## ABOUT THIS TASK:
Repeat the data exactly, leaving out any image.

## DATA SEGMENT:
• • •

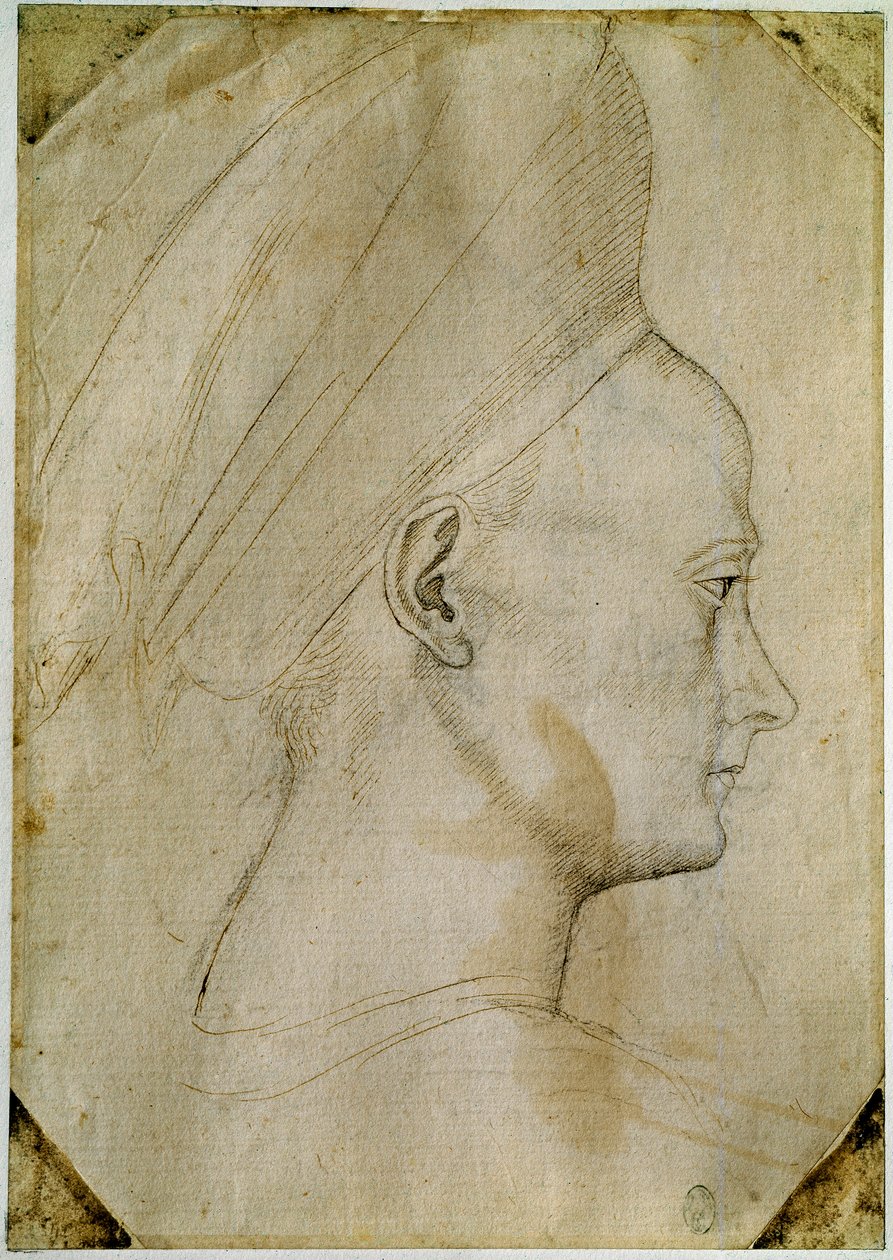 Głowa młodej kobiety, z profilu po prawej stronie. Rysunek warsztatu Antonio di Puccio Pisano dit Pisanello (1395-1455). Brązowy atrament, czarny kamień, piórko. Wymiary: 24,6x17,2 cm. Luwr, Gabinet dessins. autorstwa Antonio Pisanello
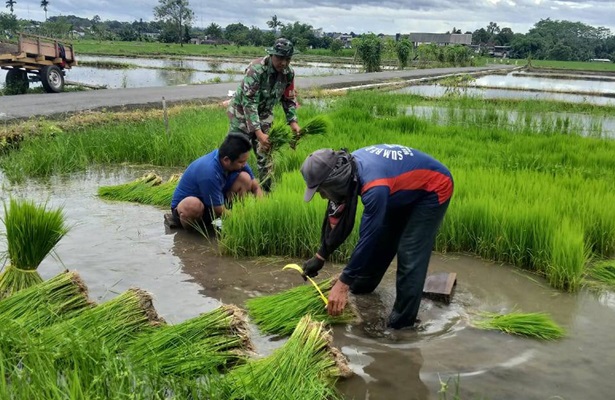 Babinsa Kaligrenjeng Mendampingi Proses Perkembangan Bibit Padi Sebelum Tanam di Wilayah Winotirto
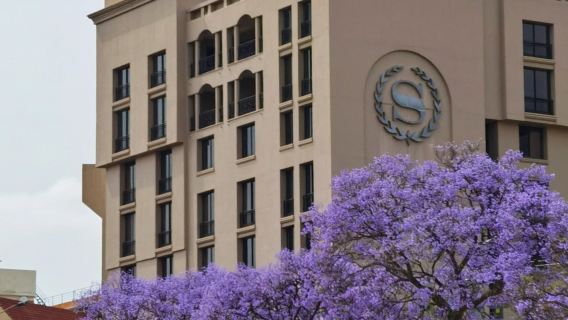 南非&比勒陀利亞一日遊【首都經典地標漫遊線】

• • •

## ANSWER TO THE EXERCISE:
 Głowa młodej kobiety, z profilu po prawej stronie. Rysunek warsztatu Antonio di Puccio Pisano dit Pisanello (1395-1455). Brązowy atrament, czarny kamień, piórko. Wymiary: 24,6x17,2 cm. Luwr, Gabinet dessins. autorstwa Antonio Pisanello
 Babinsa Kaligrenjeng Mendampingi Proses Perkembangan Bibit Padi Sebelum Tanam di Wilayah Winotirto
 南非&比勒陀利亞一日遊【首都經典地標漫遊線】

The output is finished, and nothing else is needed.